L’édition actualisée de mai 2026 du Global Investment Risk and Resilience Index, publiée par Henley & Partners et AlphaGeo, traduit une évolution notable de la perception du risque en Afrique. Neuf économies africaines figurent désormais parmi les 100 pays les mieux classés au monde contre trois lors de la précédente édition. Cette progression ne masque toutefois pas les écarts persistants de résilience économique, institutionnelle et climatique qui continuent de structurer l’attractivité du continent auprès des investisseurs internationaux.

Le rapport met en évidence une évolution rarement observée dans les grands classements internationaux consacrés au climat d’investissement. Entre l’édition publiée en octobre 2025 et la mise à jour de mai 2026, le nombre de pays africains présents dans le Top 100 mondial passe de trois à neuf, traduisant une amélioration de la perception du risque sur une partie du continent.

Selon le document, cette révision intervient dans un environnement international pourtant marqué par le ralentissement de la croissance mondiale, les tensions géopolitiques persistantes, la volatilité financière, les pressions inflationnistes et la montée des risques climatiques. L’évolution africaine apparaît ainsi davantage comme le reflet de dynamiques internes que comme la conséquence d’un contexte mondial plus favorable.
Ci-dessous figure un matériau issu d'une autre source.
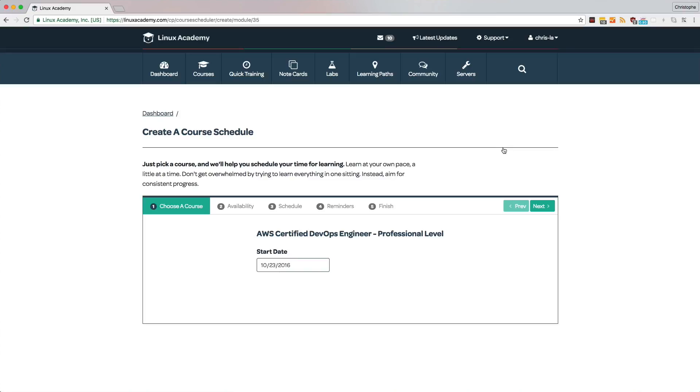You can have a course schedule for every course that you take, and in fact, let's take a look at how we can create one with this AWS Certified DevOps Engineer course.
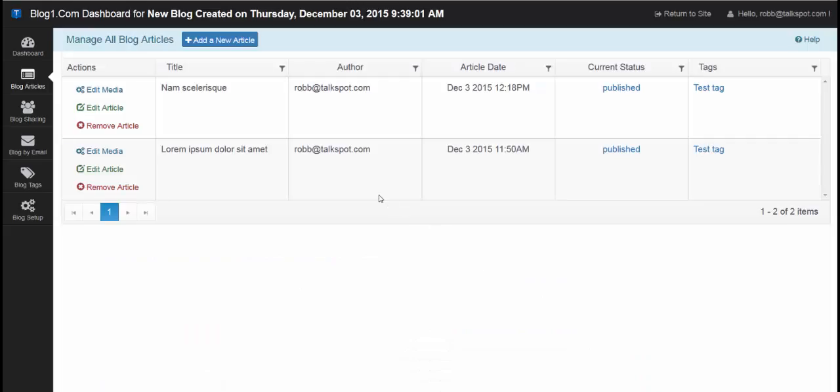Hello, here we're going to cover the blog articles page, which is an option in the dashboard menu for the blog widget.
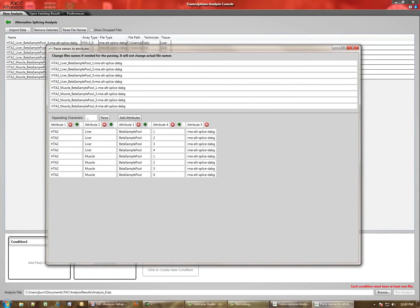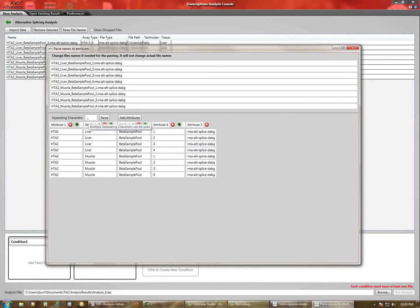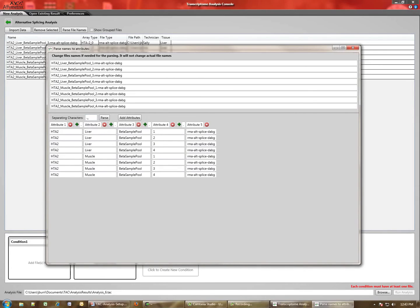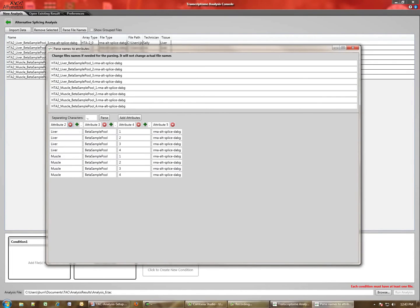So if we click that button, what comes up is you'll see that the various sample file names have basically been parsed out into five separate columns based on the characters that you've put in here. So we've selected both a space character and an underscore, which splits up the file names into the various attributes.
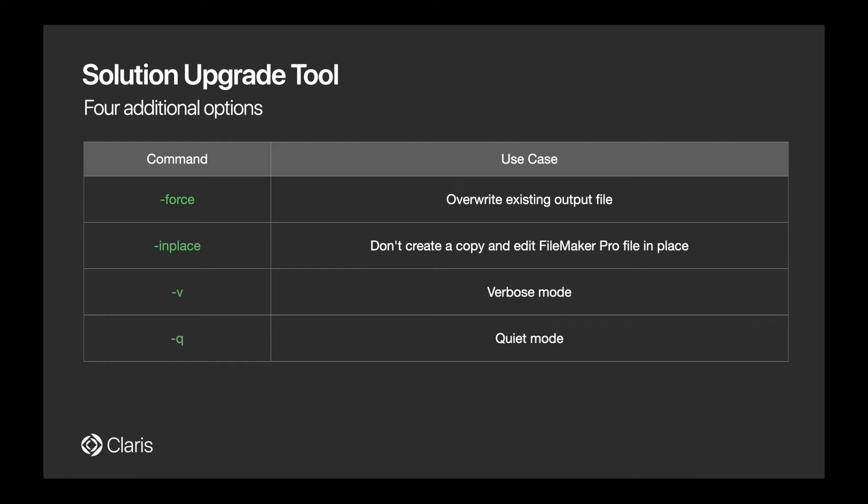The force and inplace options affect the resulting modified FileMaker app. For example, every time you update a FileMaker app with this tool, a copy of the source file is created with the changes that you specified. Use the inplace option to incorporate changes directly into the file you are specifying and not a copy. Note, if you have this enabled, it will override any destination paths you may have specified in the subcommands. So this is a good option for deployments where full backup copies are made before major changes, and maybe you don't want to add another copy of a larger file.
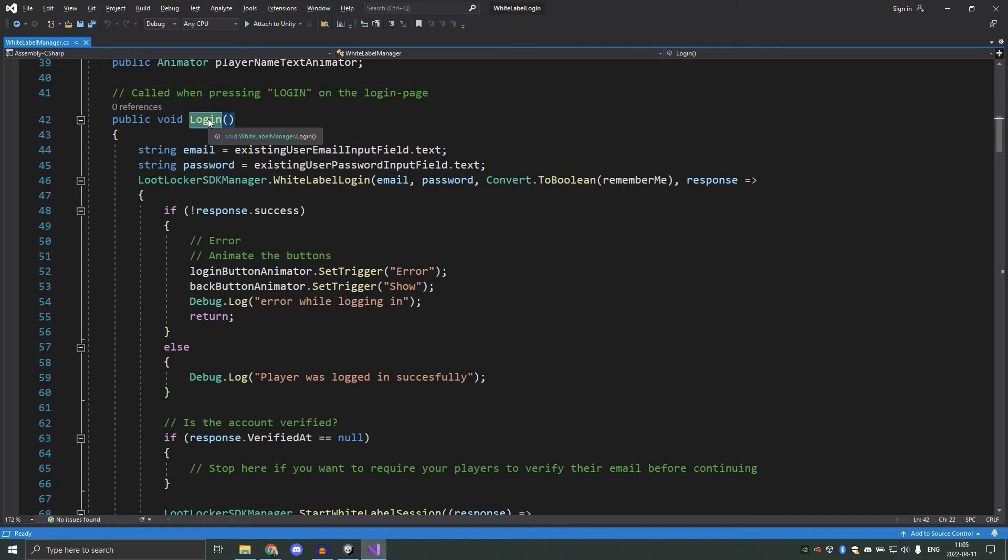Now we'll look at what happens when we log in the player. White label works a bit differently than something like a guest session. Guest sessions start the game session automatically, but with white label you need to log in the player first. And when the player has been successfully logged in, then we will start the game session.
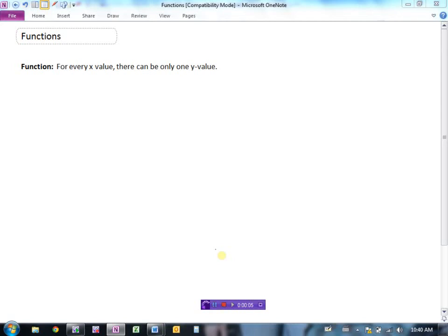We've looked at some relationships between x and y, and we've seen we can do table of values and graphs of these functions and list domain and range as a set of points. Now we're going to look at a special type of relation called a function. A function is a relation that satisfies this criteria: for every x value, there exists only one y value. If x is 5 and we get two different y values, say 3 and 7, then we're not dealing with a function.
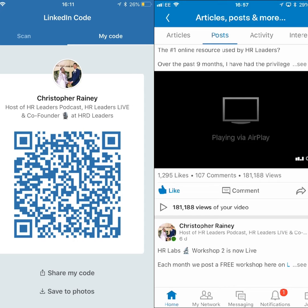For me, this is something I'm quite excited about because I attend a lot of conferences and networking events. It's going to be a great way that when I meet people and get chatting with them, I can open the LinkedIn app, scan their QR code, and connect with them and stay in touch.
Le classement africain reste dominé par Maurice, qui occupe désormais la 61e place mondiale, devant la Tanzanie (62e) et le Botswana (63e).

Les Seychelles (79e), le Cap-Vert (88e), la Namibie (90e), l’Afrique du Sud (95e), le Maroc (98e) et le Rwanda (100e) complètent le groupe des économies africaines intégrant les cent premiers rangs mondiaux.

Cette progression collective modifie progressivement la cartographie du risque sur le continent. D’après cette étude, plusieurs économies africaines ne sont plus uniquement perçues à travers leurs vulnérabilités structurelles, mais également à travers leur capacité à absorber les chocs économiques et à offrir un environnement d’investissement plus prévisible.

La résilience, principal facteur de différenciation

Le rapport ne se limite pas à mesurer le niveau de risque. Il introduit également une lecture fondée sur la résilience, autrement dit la capacité des économies à faire face aux crises tout en préservant leur attractivité.

Les auteurs expliquent que cette résilience repose sur un ensemble de facteurs comprenant la stabilité macroéconomique, la gouvernance, la solidité financière, l’attractivité des investissements, la résilience climatique ainsi que la capacité d’adaptation des institutions.

Le document souligne ainsi que les économies africaines les mieux classées présentent plusieurs caractéristiques communes. Elles bénéficient d’une stabilité institutionnelle relativement plus forte, d’une ouverture économique plus importante, d’une diversification accrue de leurs revenus et d’une dépendance plus limitée aux matières premières.

Autrement dit, le classement ne récompense pas uniquement la croissance économique. Il valorise avant tout la qualité des mécanismes permettant de maintenir cette croissance lorsque l’environnement international devient plus incertain.